| What is needed |
In the records below, find the line containing "2018-2025 Volkswagen Atlas" and the line containing "2023 KIA FORTE LX photo 6". Give again exactly those lines and every line between them, omitting the pictures.

(Beginning of Entries provided)

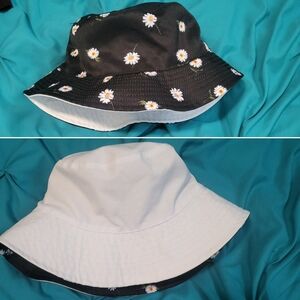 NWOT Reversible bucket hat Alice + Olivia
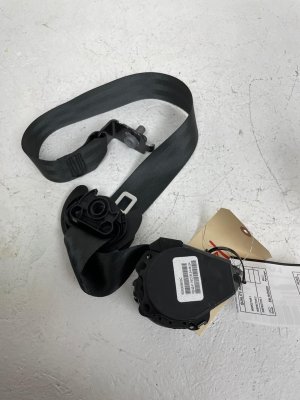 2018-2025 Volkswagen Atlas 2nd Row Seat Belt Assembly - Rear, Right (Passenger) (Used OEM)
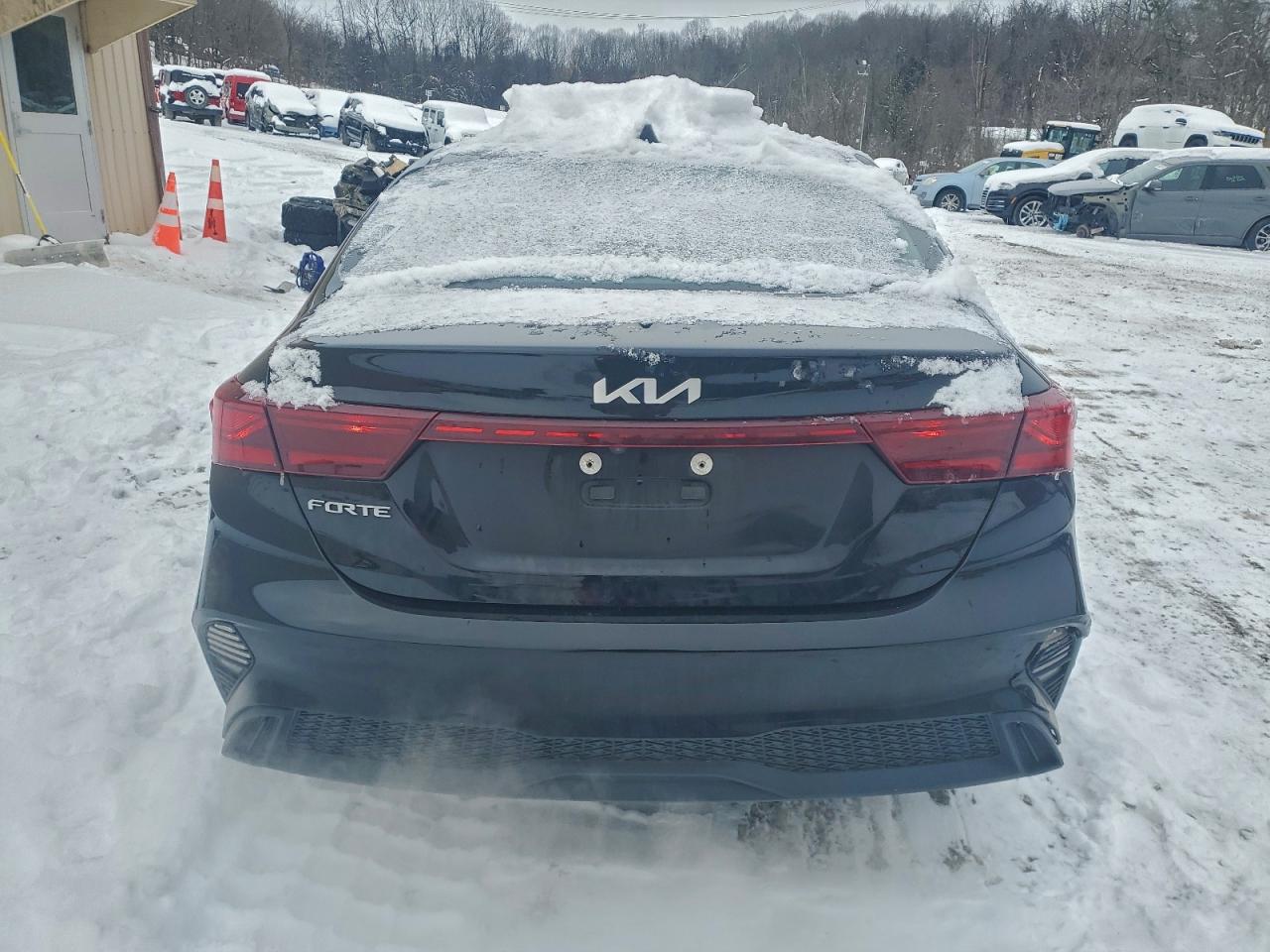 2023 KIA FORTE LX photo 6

(End of Entries provided)
(Beginning of Entries provided)

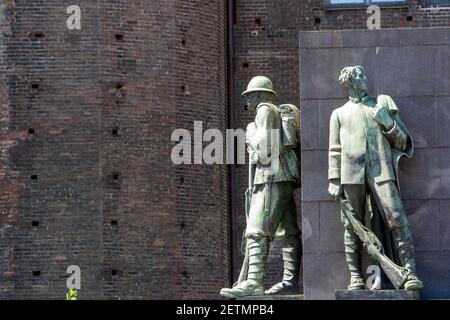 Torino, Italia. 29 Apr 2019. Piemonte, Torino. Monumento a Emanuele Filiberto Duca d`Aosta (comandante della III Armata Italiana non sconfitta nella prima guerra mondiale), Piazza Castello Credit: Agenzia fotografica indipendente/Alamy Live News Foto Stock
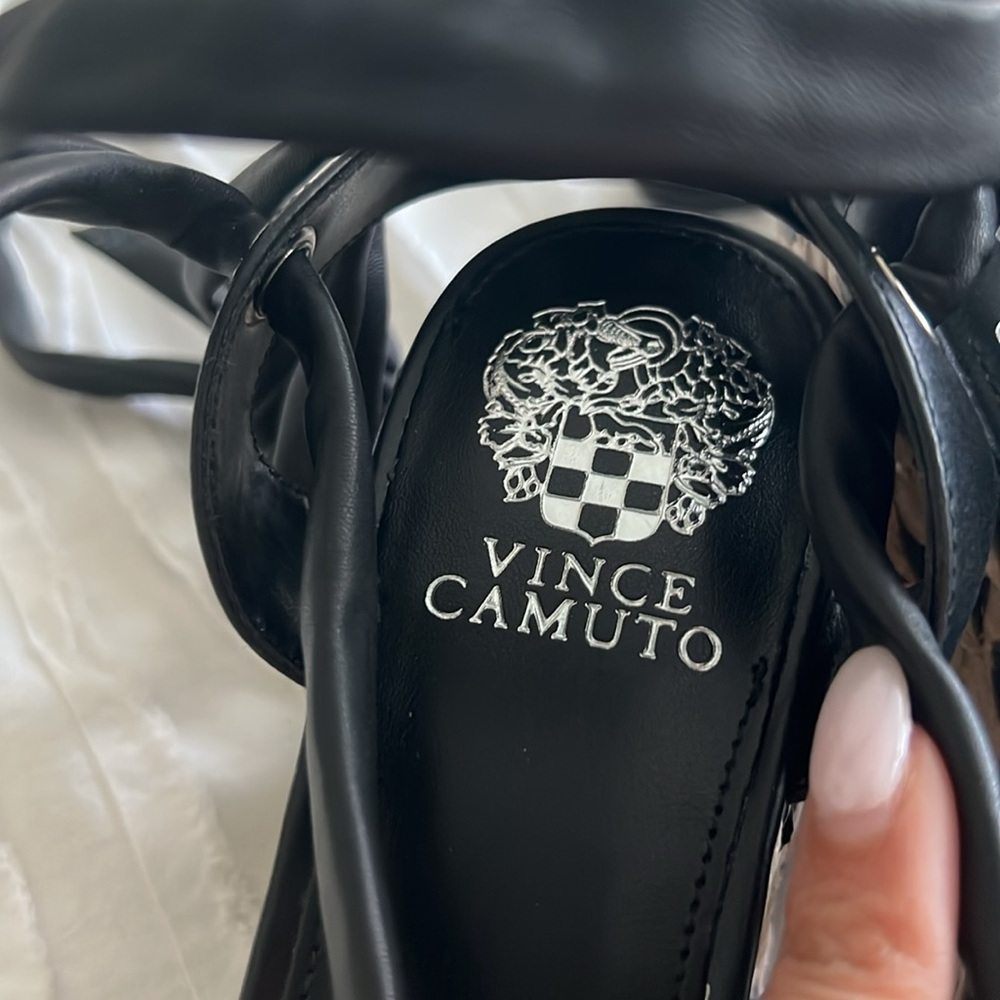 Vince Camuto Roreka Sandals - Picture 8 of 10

(End of Entries provided)
(Beginning of Entries provided)

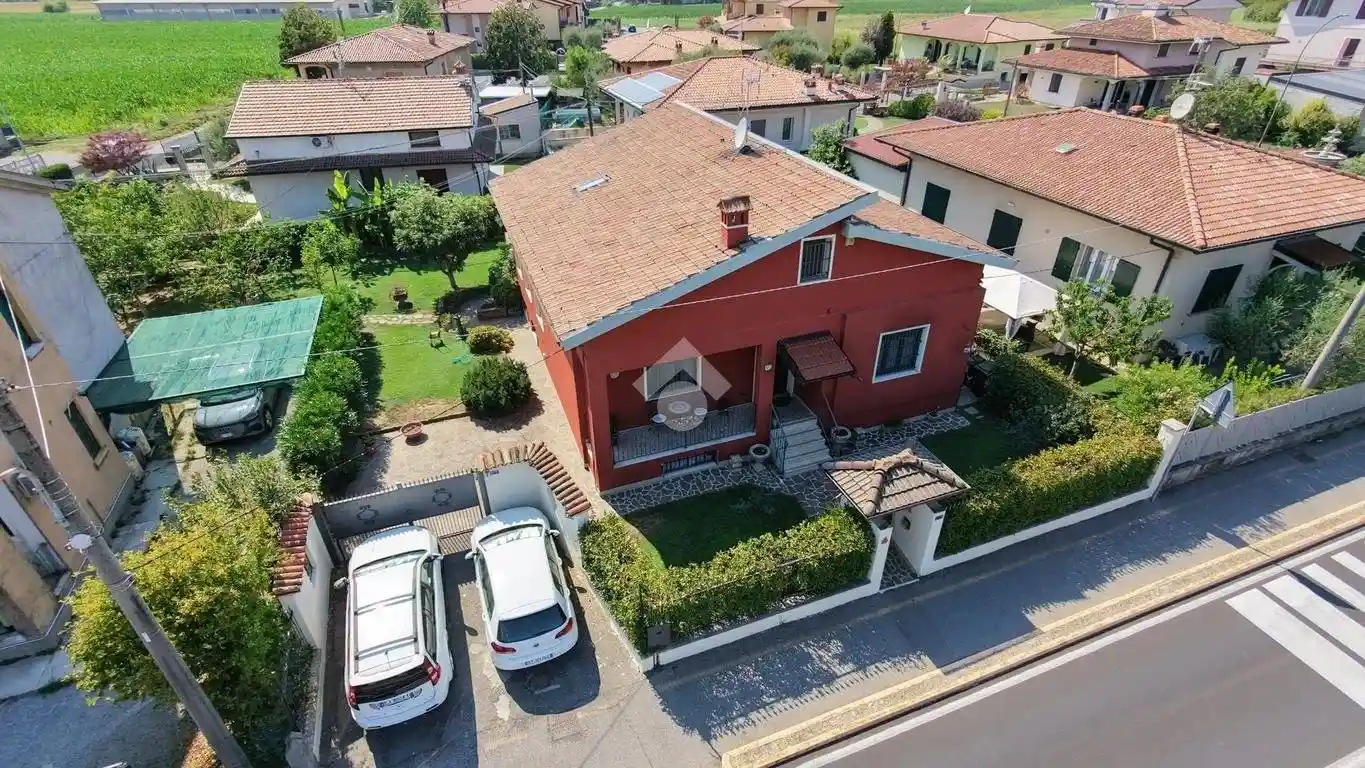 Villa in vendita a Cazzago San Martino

(End of Entries provided)

| Task answer |
 2018-2025 Volkswagen Atlas 2nd Row Seat Belt Assembly - Rear, Right (Passenger) (Used OEM)
 2023 KIA FORTE LX photo 6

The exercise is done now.